I awakened again after apparently passing out a second time. I looked at the clear, black, midnight sky filled with fluffy white clouds. There were faces carved into them. Real, living faces looking directly into my eyes. Some smiled, some gave me expressive acknowledgments. I stared for what seemed several hours, drifting off to sleep.
I suddenly jumped onto my feet and somehow, I had crossed the highway but couldn’t remember doing it. I knew I had narrowly escaped being hit by a car. Scared out of my mind, fearing I would soon be dead, I was relieved to see my friends standing next to a paramedic. I ran towards them calling out their names. I got closer and said, “Hey Kirby…it’s me Bobby…I need help!”

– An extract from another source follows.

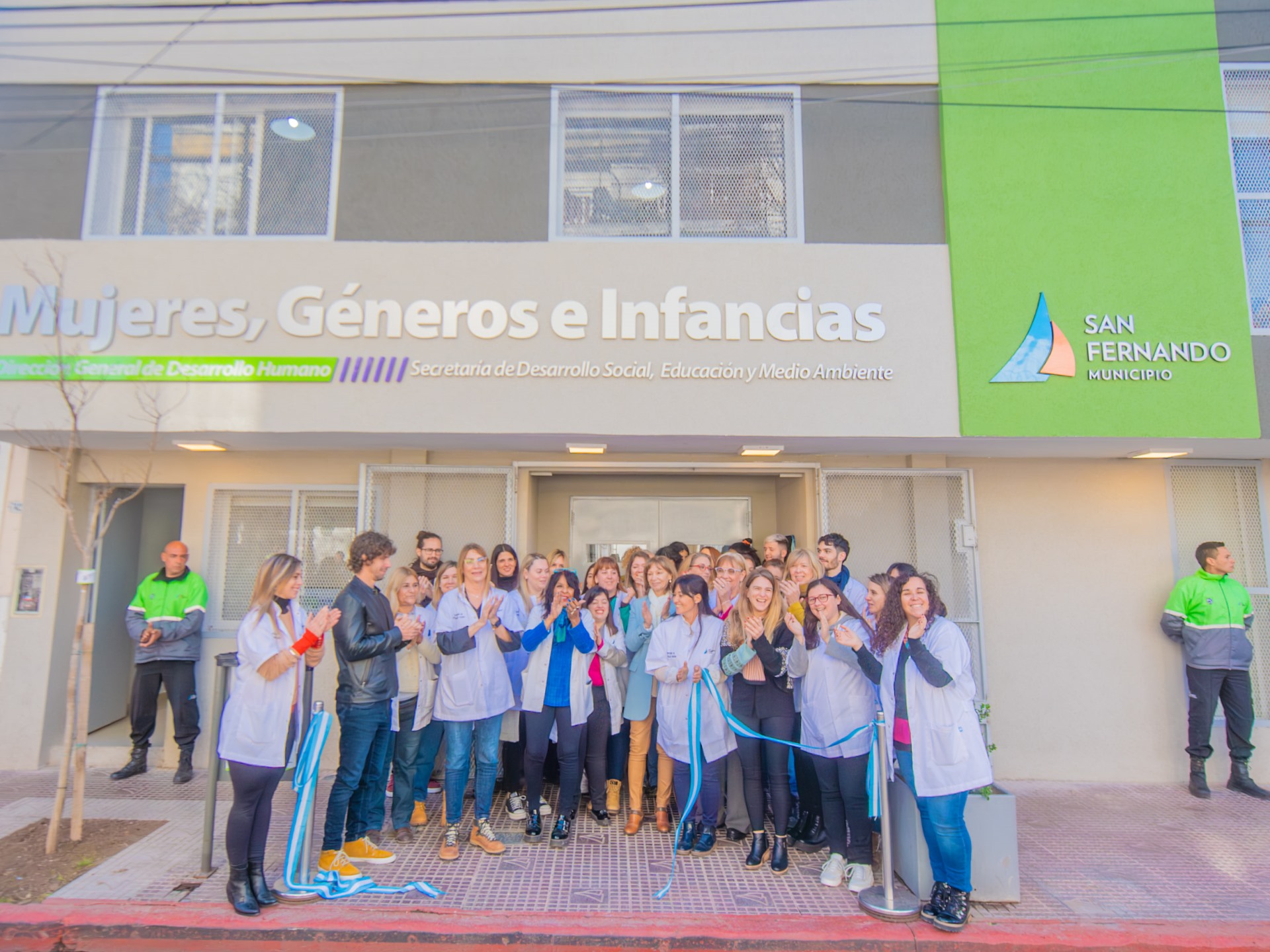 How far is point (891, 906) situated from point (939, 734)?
1025 mm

A man grabbed his child to protect her and told his wife to get in the car. He said, ” There is no Kirby here, please don’t hurt my child.”
I realized I didn’t know anyone there and the ambulance was really an old white van. I was freaking out, covered in mud from head to toe, noticing I was naked – carrying a gun in my hand. I saw a bathroom door and ran inside, locking the door.
I looked in the mirror and saw a jagged, black and red face with it’s eyes cut out looking back. Smaller faces like I saw in the clouds were engraved in my skull gazing into me, speaking in unknown languages. Someone began beating on the door calling out my name. I was crying, trying to keep my sanity.
I looked up and my friends were standing around me asking me if I was alright. I was coherent enough to understand where I was for the first time in what seemed like days. I was on my back, lying on the hood of my own car.
They told me I had passed out and that someone had spiked the punch with a gallon of prepared, hallucinogenic mushroom tea. I asked how long I had been out for. I was astounded to find out it was only for around 15 seconds!!!!!
Around 5 hours later I was back to normal and drove home. We never found out who put the mushroom juice in the punch and to this day, many people believe I am the culprit.